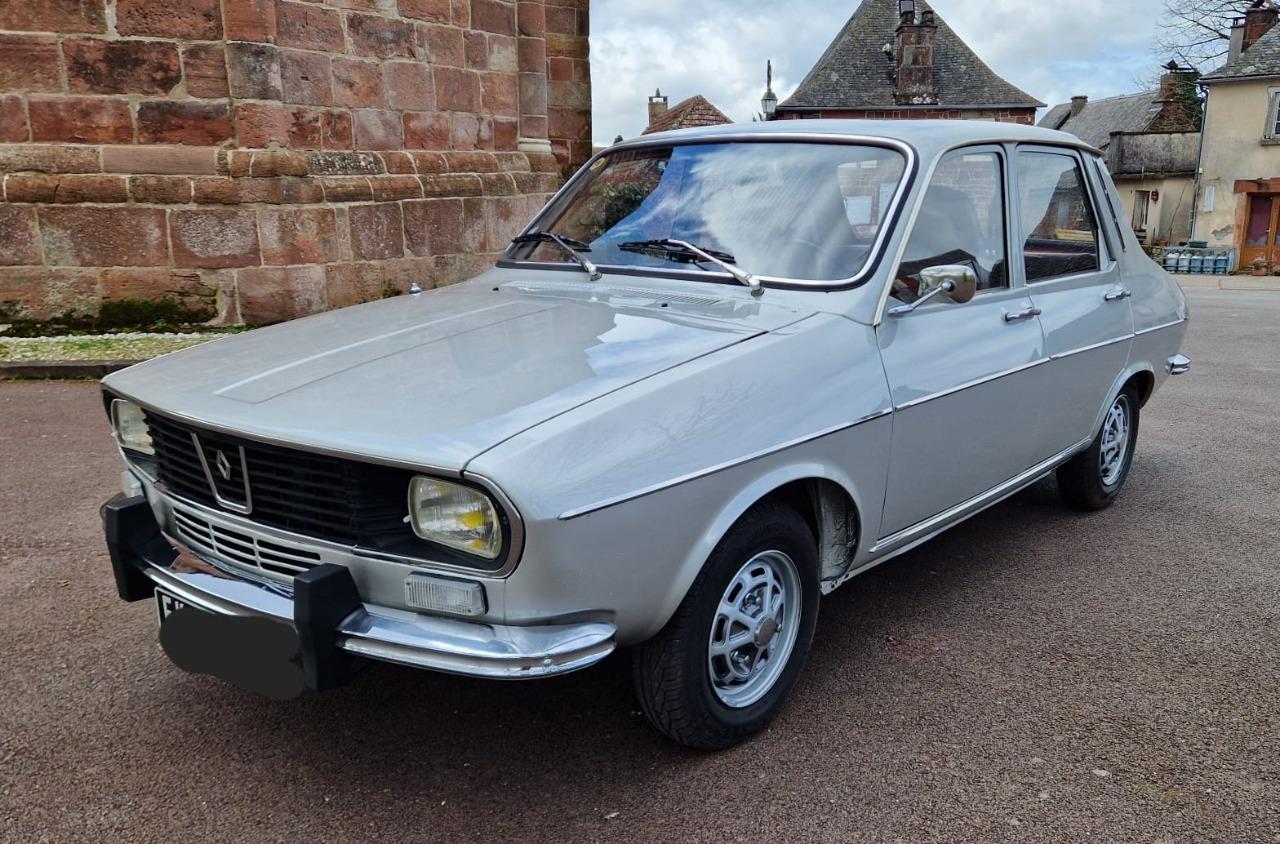 RENAULT 12 (R12) TS - 1974 LesAnciennes.com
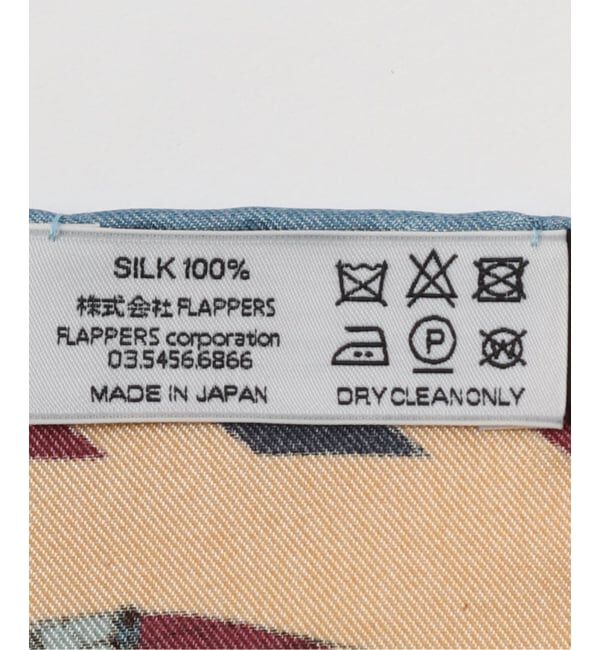  「manipuri マニプリ シルクスカーフ 65*65 タンブル」|バンダナ・スカーフ|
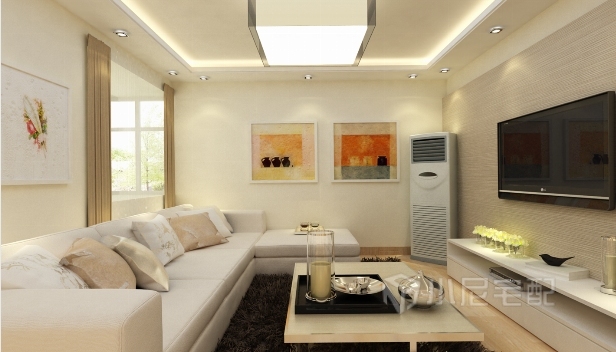 134㎡/三室两厅两卫/简约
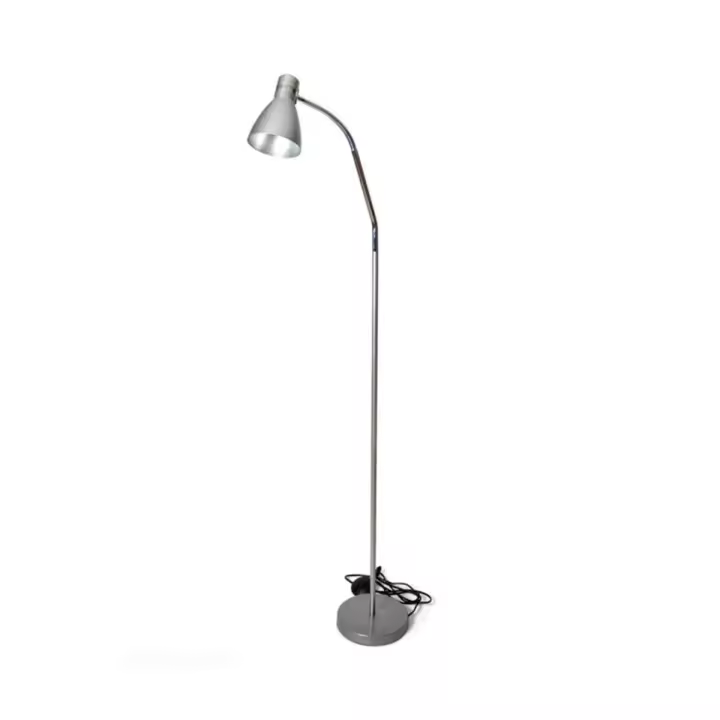 Lámpara de Pie 1.4 m - Gris - 1
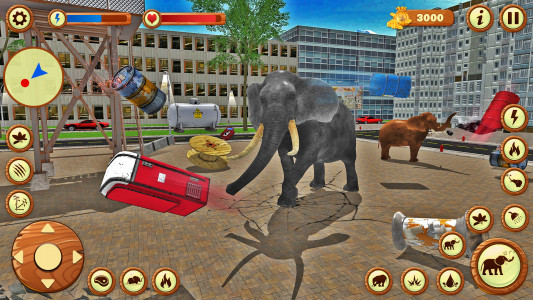 اسکرین شات بازی Ultimate Wild Elephant Games 5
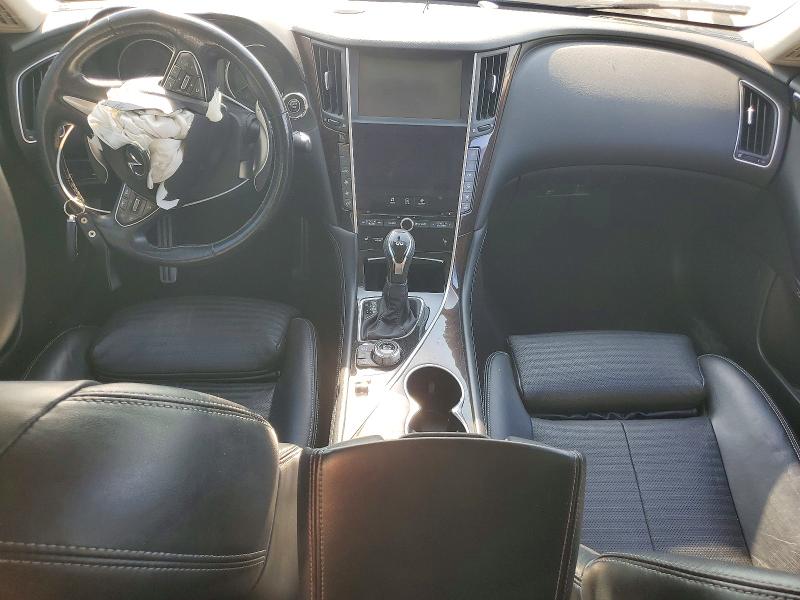 2014 Infiniti Q50 VIN JN1BV7AR7EM701881 COPART salvage auction — FRONT END, NC - SALVAGE CERTIFICATE OF TITLE, sold $475 on 2026-07-24 (photo 8)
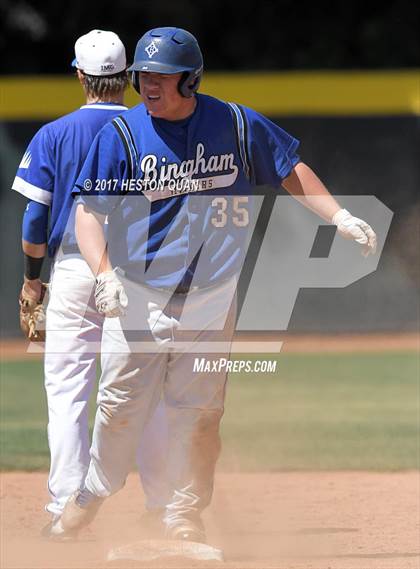 Thumbnail 1 in IMG Academy vs. Bingham (DeMarini National Classic) photogallery.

__________________________________________________

> [Task details]
Pictures are to be left out when the lines from the one containing "2014 Infiniti Q50" through the end of the records above are repeated exactly; no other line is wanted.

> [Finished task]
 2014 Infiniti Q50 VIN JN1BV7AR7EM701881 COPART salvage auction — FRONT END, NC - SALVAGE CERTIFICATE OF TITLE, sold $475 on 2026-07-24 (photo 8)
 Thumbnail 1 in IMG Academy vs. Bingham (DeMarini National Classic) photogallery.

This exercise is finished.